◆ **EXERCISE REQUIREMENTS**
Data follows below. Repeat exactly the lines between the line holding "Talbots Laura Tassel" and the line holding "Google Pixel 3a XL Rugged", inclusive, and nothing more; drop pictures.

◆ **DATA FOR THE TASK**
>>
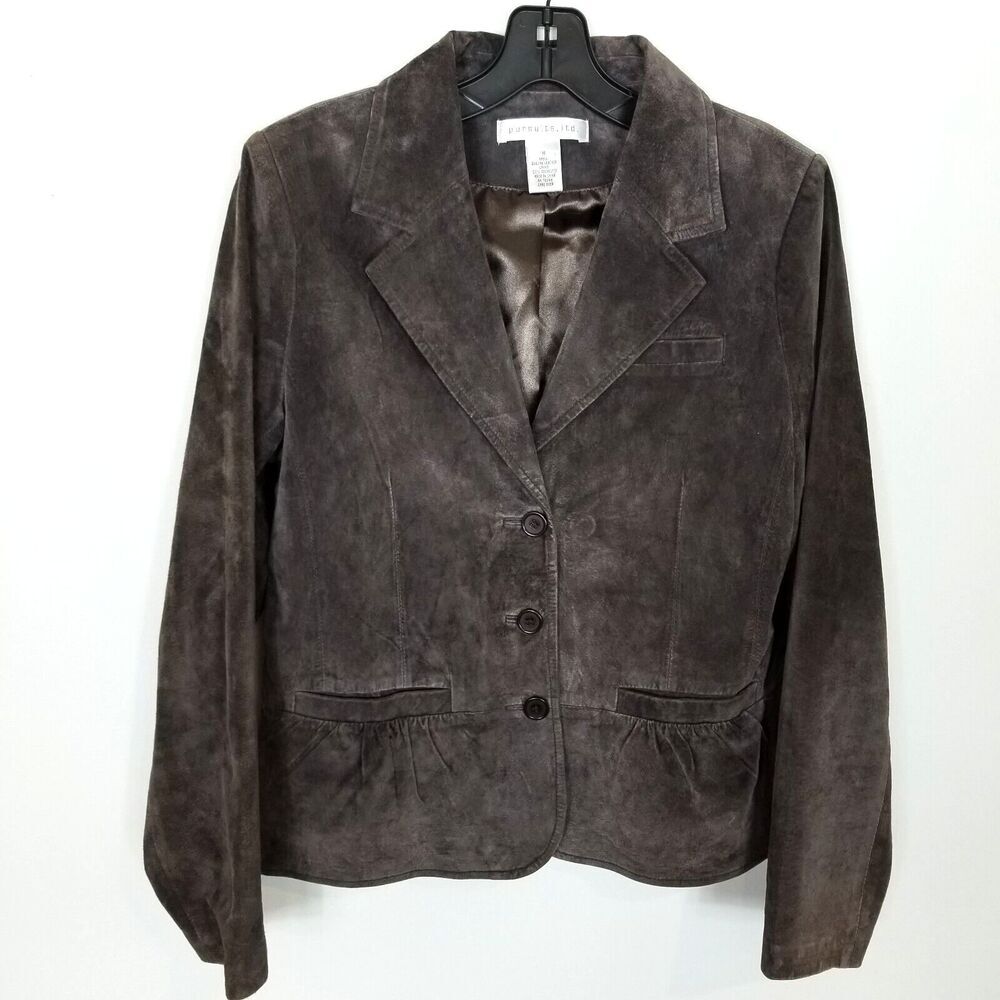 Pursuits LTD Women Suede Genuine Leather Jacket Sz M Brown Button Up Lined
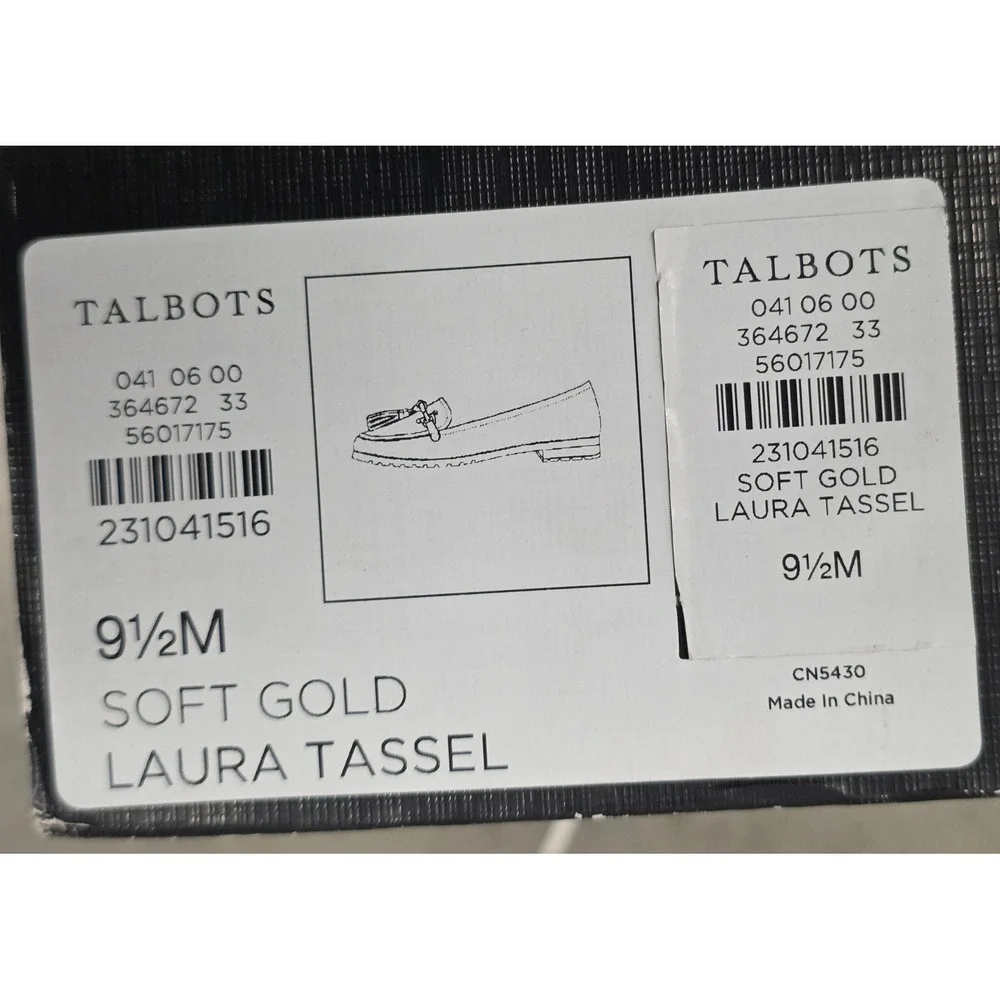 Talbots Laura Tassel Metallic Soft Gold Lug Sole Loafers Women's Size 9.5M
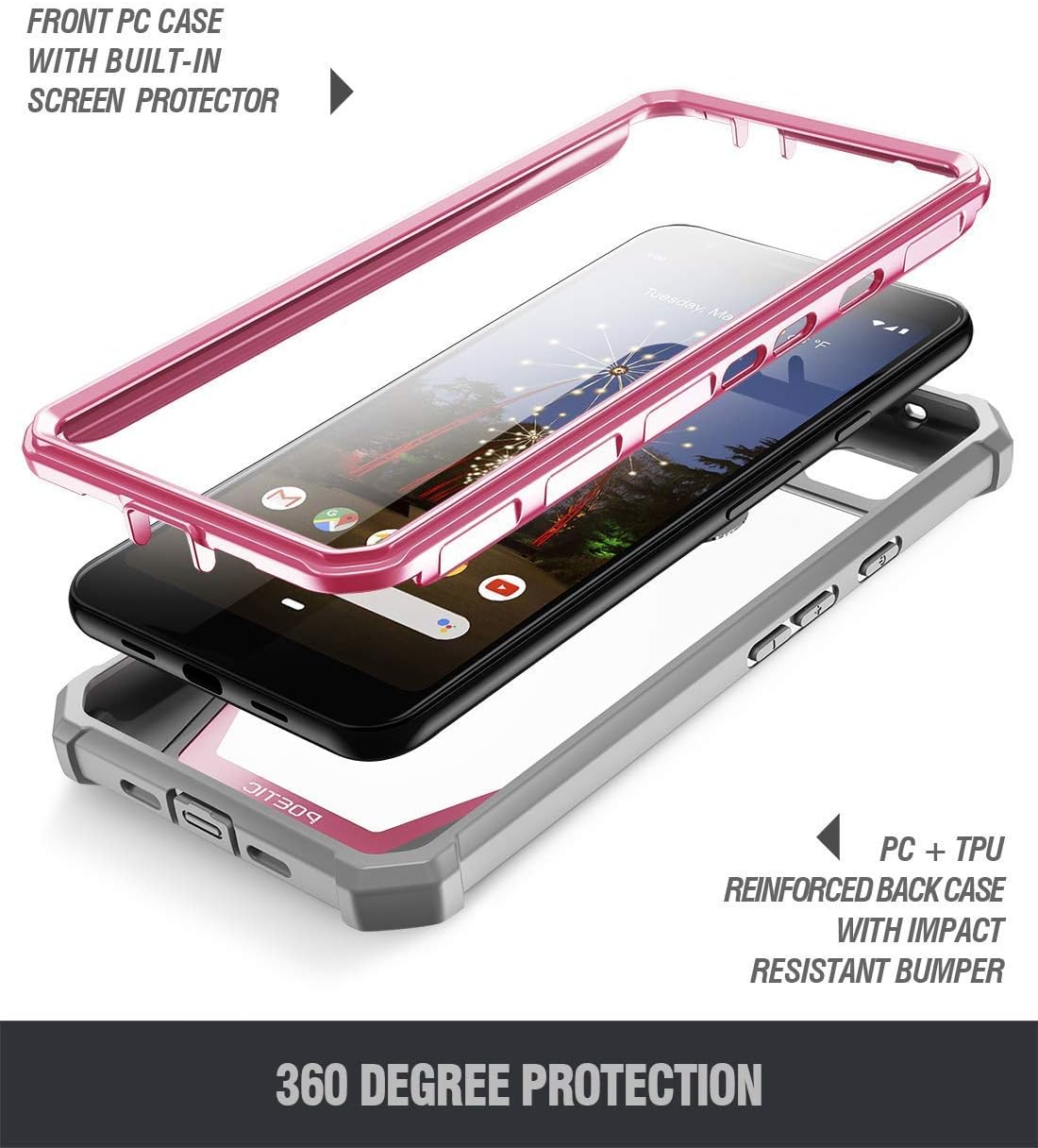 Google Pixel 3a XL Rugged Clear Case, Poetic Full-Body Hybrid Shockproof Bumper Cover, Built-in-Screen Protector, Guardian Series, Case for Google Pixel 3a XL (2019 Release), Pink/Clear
<<
>>
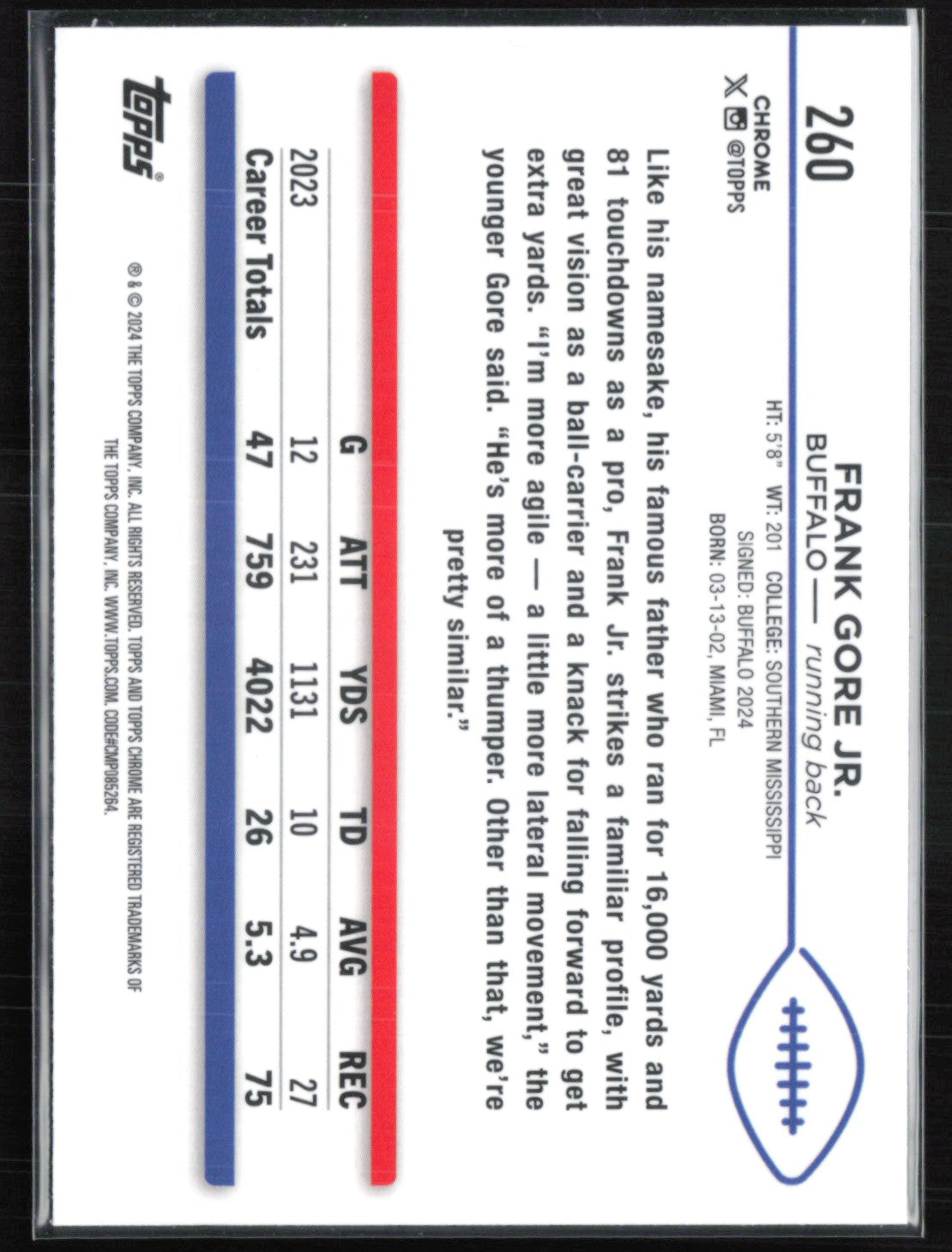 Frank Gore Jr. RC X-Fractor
<<
◆ **YOUR RESPONSE**
 Talbots Laura Tassel Metallic Soft Gold Lug Sole Loafers Women's Size 9.5M
 Google Pixel 3a XL Rugged Clear Case, Poetic Full-Body Hybrid Shockproof Bumper Cover, Built-in-Screen Protector, Guardian Series, Case for Google Pixel 3a XL (2019 Release), Pink/Clear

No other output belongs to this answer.